Of course, there were regional differences. While many investors and analysts in Europe are still sceptical about the banking sector in general, and us specifically, our US investors are more positive. They have seen first-hand how well banks are recovering in their home market and how profitable they can be. They expect us to turn the corner too.

It is clear that the US will continue to play an important role for our bank. This is where economic growth is particularly dynamic and margins for banks remain high. In global terms, the US market accounts for half of the revenue pool in the financing and capital markets. This is why our integrated Corporate & Investment Bank, whose new structure is taking shape – Garth Ritchie and Marcus Schenck have already appointed their management teams – has, and will retain, a strong presence there. Wealth Management and Asset Management are also set to benefit from the attractive US market. My town hall in New York and meeting newly-promoted Managing Directors there last week strengthened my confidence in this regard.

However, I am also optimistic about the markets in Asia and Europe. In particular, in our home of Germany, where we stand by our customers as they grow – companies and individuals, who have been our partners for generations, are performing well. In Germany, we provide banking services for over 20 million people and companies.
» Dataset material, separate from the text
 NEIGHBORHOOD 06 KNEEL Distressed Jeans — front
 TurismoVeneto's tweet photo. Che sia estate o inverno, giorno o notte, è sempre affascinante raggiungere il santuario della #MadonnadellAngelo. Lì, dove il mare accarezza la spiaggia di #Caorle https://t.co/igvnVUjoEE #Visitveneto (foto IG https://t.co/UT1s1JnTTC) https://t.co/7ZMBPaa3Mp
Working groups, led by our two Private & Commercial Banking heads Christian Sewing and Frank Strauss, have already started to plan the integration of Postbank with Deutsche Bank.

So our perspective has become much clearer: we know we have to reduce costs further – and we have demonstrated already that we are on the right path. On the other hand, our capital increase should eliminate any remaining doubt about Deutsche Bank’s stability. This is why it’s even more important to focus on a topic that has been in the background for quite some time: growth.

Thanks to a stronger balance sheet, we have the ability to increase business. We will be able to grow again in a more focused way. After all, it is clear that we will not succeed by shrinking further, rather we have to work together successfully with our clients – without losing sight of costs, controls and potential risks. None of us want to generate revenues that will need to be paid back in future, for example due to litigation costs. None of us want to experience a multi-billion dollar request arising from this ever again.

Prudent growth should be our byword going forward. Now I would like to wish those of you who will be taking advantage of the upcoming break a relaxing time, and continued success to everyone working over this period.